- Assigned task -
Tell how many lines in the data contain the string "your", using a single number as the whole reply.

- Data for processing -
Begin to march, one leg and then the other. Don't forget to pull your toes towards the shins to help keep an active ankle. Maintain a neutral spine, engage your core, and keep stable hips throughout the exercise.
---
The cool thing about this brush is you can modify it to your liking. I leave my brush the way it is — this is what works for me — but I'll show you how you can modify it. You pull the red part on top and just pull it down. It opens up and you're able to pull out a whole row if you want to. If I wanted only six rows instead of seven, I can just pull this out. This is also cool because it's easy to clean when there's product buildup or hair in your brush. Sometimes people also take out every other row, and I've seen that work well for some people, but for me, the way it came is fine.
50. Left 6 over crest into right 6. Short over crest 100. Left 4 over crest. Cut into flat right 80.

- Result -
2